What do they mean? How do we know what they mean? Can we model their meaning formally?
Formalizing the meaning of arbitrary natural-language utterances remains intractable today. But markup languages, being formally defined artificial languages, appear more approachable. So we may be able to explain what the <pb> and <p> elements mean, even if the sense of the Latin eludes formalization. Some propose to explicate the meaning of markup by specifying, for each construct in a markup vocabulary, a sentence schema in a natural language, with blanks to be filled in with data from the document 1; others make a similar proposal but allow sentence schemata in formal languages like first-order predicate logic as well 2. This appears straightforward, although far from trivial, for metadata 3and perhaps even for born-digital texts, but how shall the meaning of <p> be formalized in a markup language which defines it as containing a transcription of a text block in a manuscript? What does it mean for a document to be a transcription of another document? Can we formalize that?
Earlier work has explored the nature of the similarity between transcripts and their exemplars. Perhaps it consists simply in their containing the same sequence of characters? This can be formalized but proves disappointing, partly because it omits text structures like division into paragraphs and partly because it offers no way of describing disagreements among transcribers about how to read the exemplar, or which character distinctions (e.g. i/j, u/v, s/ſ) to retain and which to level. It is also wrong: few transcripts have exactly the same character sequence as their exemplar 4. Later work extends the analysis from characters to higher-level textual structures and models transcriber agreement and disagreement explicitly 5 6. (Paul Caton has built on this idea to propose pure transcriptional markup as an approach to the problems of transcription semantics 7.) By treating higher-level constructs as tokens of higher-level types and using the sentence schemata mentioned earlier, we believe one can formalize the meaning of tokens (characters, words, and XML elements like <p> and <pb> alike) in transcriptions.
Clearly, however, the meaning of tokens in a transcription depends on the transcription conventions adopted, which vary. There is hardly any universal transcription practice: for every generalization we find exceptions 8 9 1011 . Is everything in the exemplar transcribed? Not when deletions and irrelevant material are excluded. Does everything in the transcription reproduce some word or character in the exemplar? Not when line breaks are marked explicitly with vertical bars, or notes are added. Many scholarly editions account for variations like these in an explicit statement of transcription practice. Such statements typically describe ways in which practice varies from the usual practice, but rarely the ways in which it exemplifies normal practice. In any community of scholarship, some common practice is typically felt to be so obvious that it needs no mention or explanation.

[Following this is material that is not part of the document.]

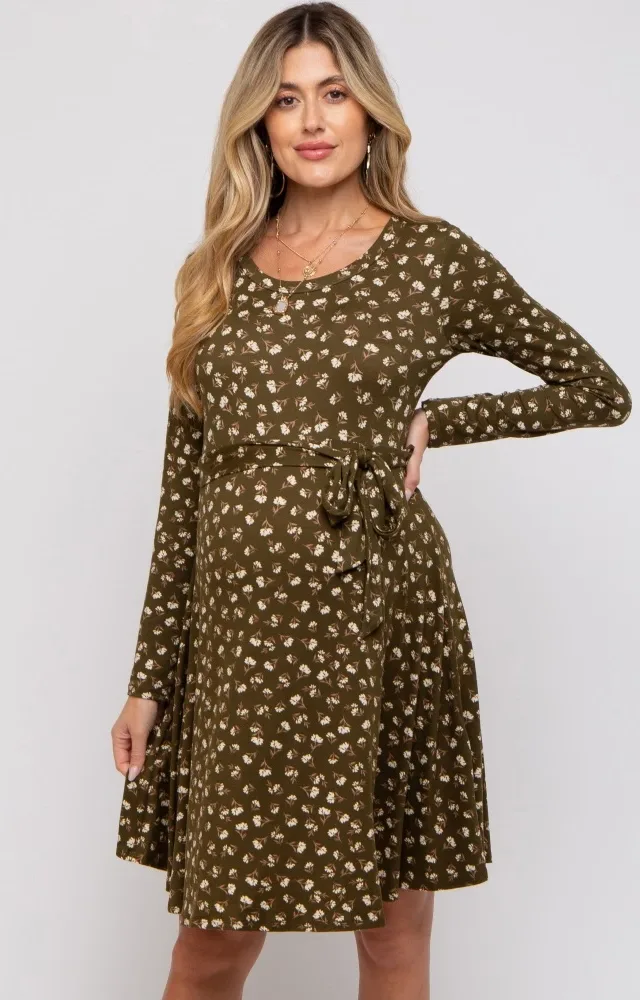 Olive Floral Soft Knit Long Sleeve Maternity Dress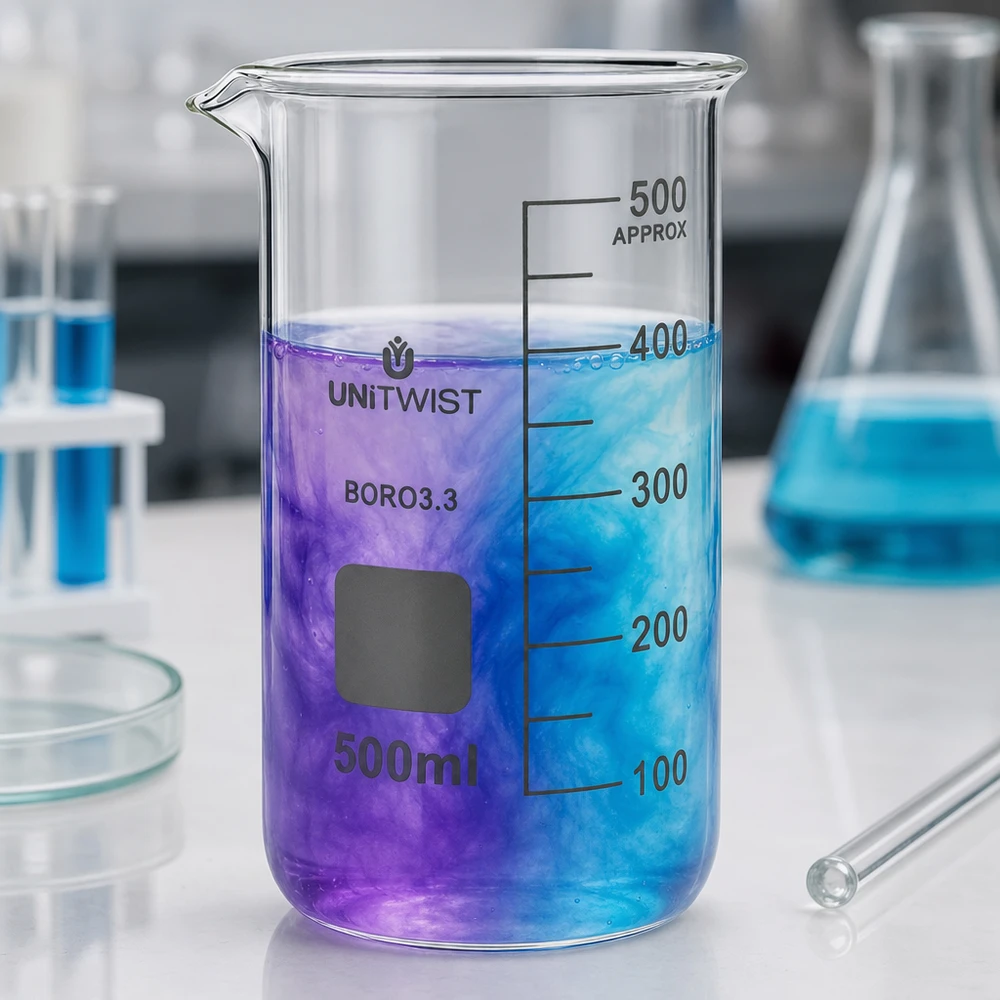 Kádinka 500 ml borosilikátová, vysoká forma UNiTWIST Messbecherglas 500ml hohe zylindrische Form mit Skalierung bis 500ml UNITWIST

One job of formalization is to make explicit practices and assumptions otherwise passed over in silence.
We propose a notion we shall call transcriptional implicature, denoting a set of rules which apply by default but which may be overridden in particular cases, analogous to the rules of conversational implicature proposed by H. P. Grice as a way of explicating the logic of everyday conversation12. The operational definition of transcriptional implicature for a given community is “the set of rules no one in the community bothers to mention explicitly”.

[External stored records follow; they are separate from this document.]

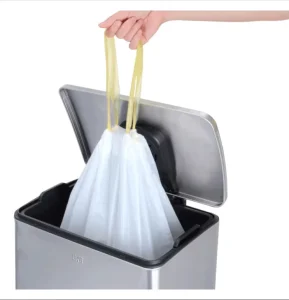 Custom Eco Friendly Drawstring Plastic Trash Bag Recycling Garbage Bag with Roll Drawstring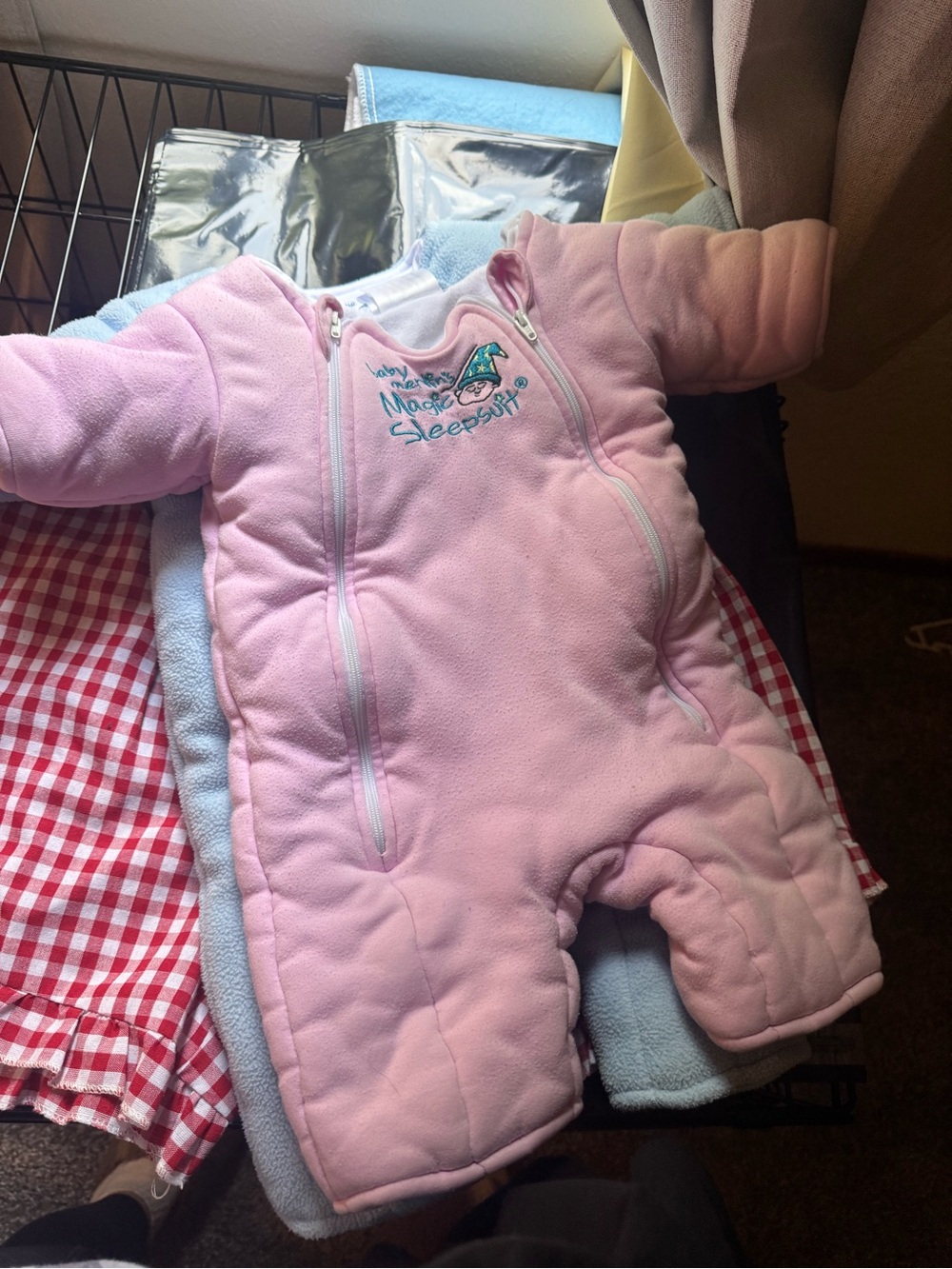Pink Quilted Baby Sleepsuit One-Piece with Front Zippers
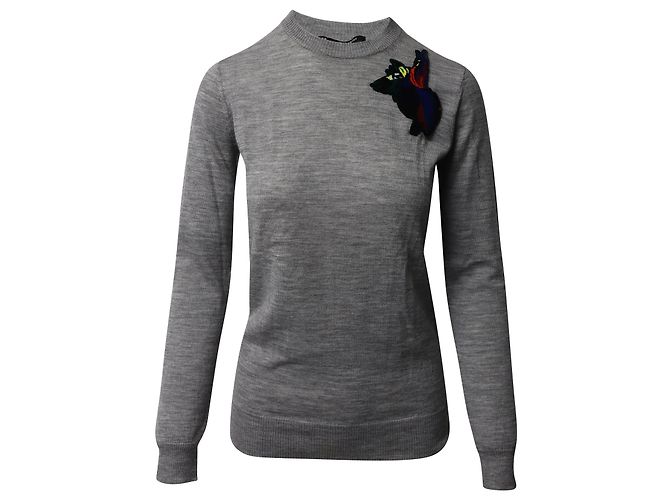 Proenza Schouler Patch-Pullover aus grauer Wolle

Different communities of transcription practice have different sets of tacit assumptions and thus different rules of transcriptional implicature. Is there a common core of transcriptional practice shared by all communities? Maybe; it's an empirical question. A serious answer would require detailed study of a wide variety of communities of practice. We postulate, however, that the transcriptional implicature of any community of practice can be described with reference to some default set of rules for transcriptional implicature.
The transcriptional practice of any given project is commonly documented by listing its deviations from the transcriptional implicature of the relevant community. If that transcriptional implicature can (as postulated) be described as a set of deviations from the default transcriptional implicature, then it follows that any project's transcription practice can be described with reference to the default transcriptional implicature, by merging the two lists of differences.

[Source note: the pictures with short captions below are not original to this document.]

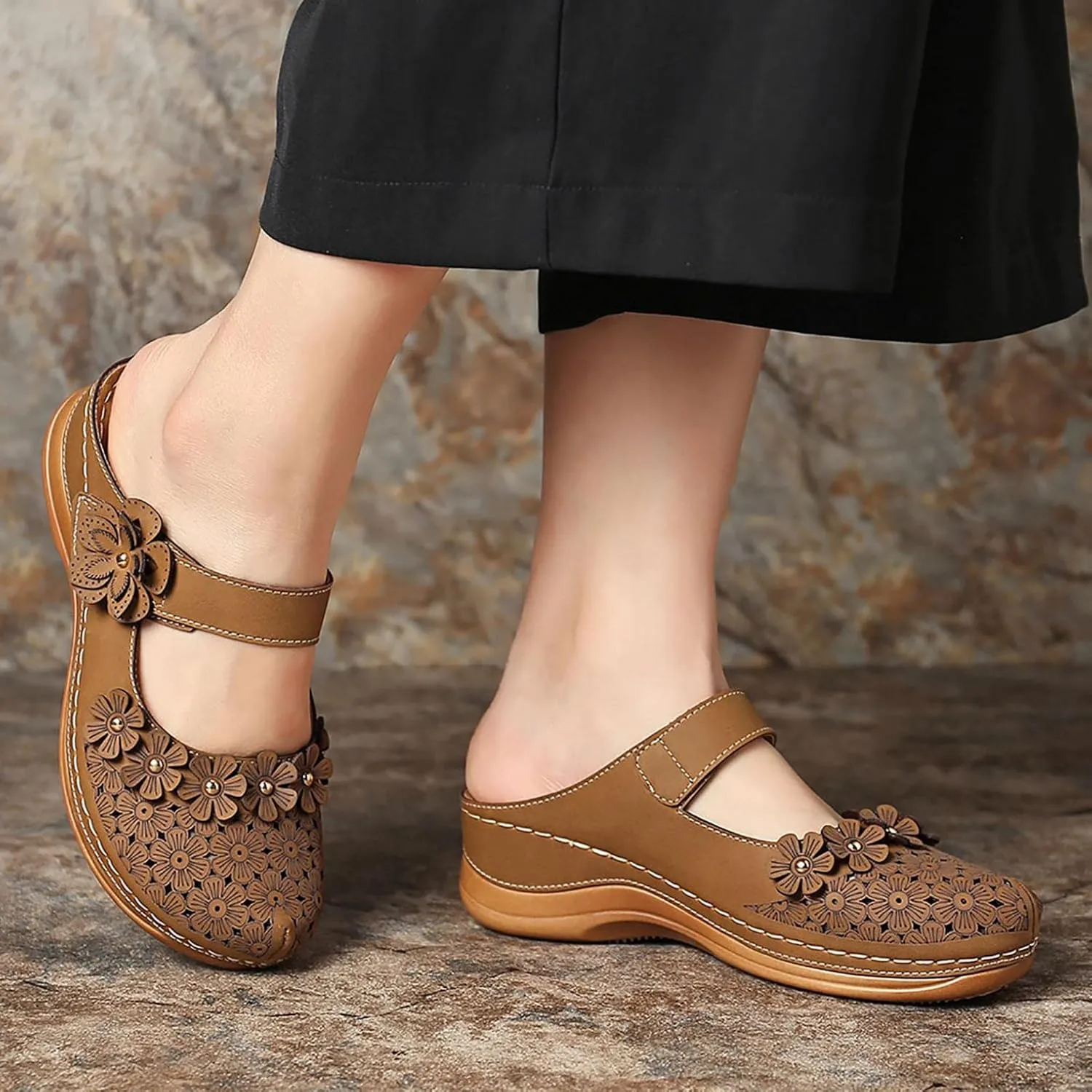 Hbeylia Platform Sandals For Women,Ladies Summer Slip On Flower Design Hollow Out Buckle Chunky Platform Wedge Orthopedic Sandals for Women With Arch Support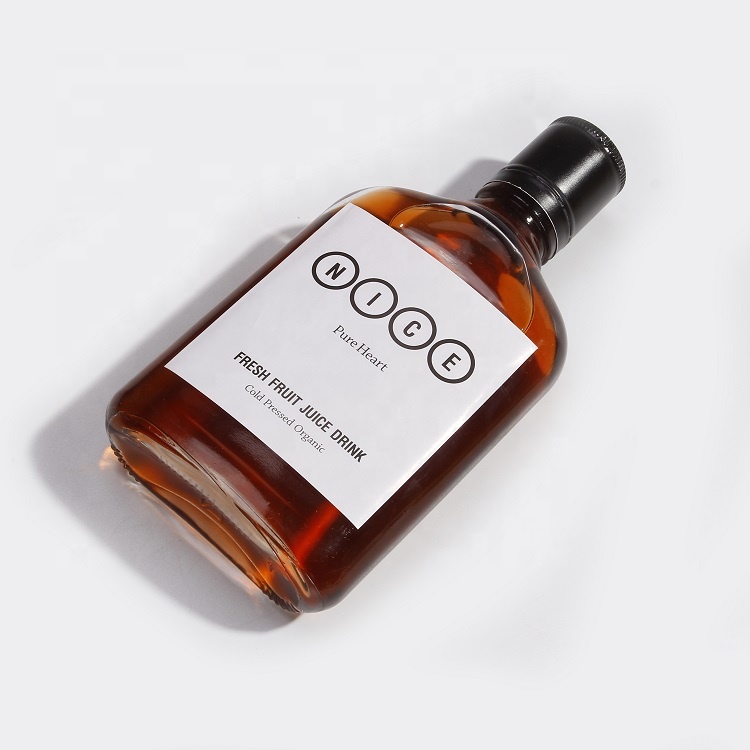 200ml 500ml Screen printing screw lid clear and frosted flat coffee glass bottle for liquor wine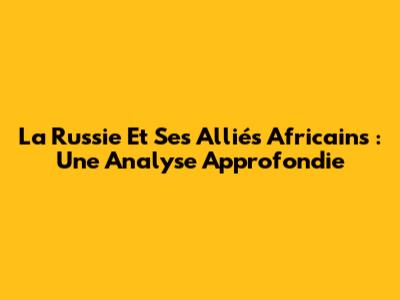 La Russie Et Ses Alliés Africains : Une Analyse Approfondie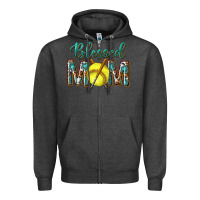 Charcoal Heather western blessed mom with softball Zipper Hoodie - texasbilliewilder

We propose to identify this hypothetical default transcriptional implicature with the rules outlined below. In the formalizations, “T” denotes a transcript, “E” its exemplar.
Adopting the extended use of the type/token distinction mentioned above, the default transcriptional implicature can be summed up in a single rule:
1. A transcript and its exemplar have the same type. Formally:
type(T) = type(E)
In interesting cases, E will have a complex type consisting of some structure of smaller types (which in turn consist of smaller ones still), instantiated by a complex token which similarly consists of smaller tokens. It is a consequence of (1) that:
2. There is a one-to-one correspondence between the tokens of a transcript and the tokens of its exemplar, such that every pair of corresponding tokens have the same type.
Formally, this is a second-order statement, but we can approximate it using the following first-order sentence, which assumes a function tokens which maps from a document to the set of tokens contained in that document, and the relations RET (mapping from tokens(E) to tokens(T)) and RTE (the other way round).
(∀ t1 : tokens(E)) (∃1 t2 : tokens(T)) (t2 = RET(t1)) ∧ (∀ t1 : tokens(T)) (∃1 t2 :tokens(E)) (t2 = RTE(t1)) ∧ (∀ t1 : tokens(E), t2 : tokens(T)) (t2 = RET(t1) ⇔ t1 = RTE(t2) ∧ type(t1) = type(RET(t1)))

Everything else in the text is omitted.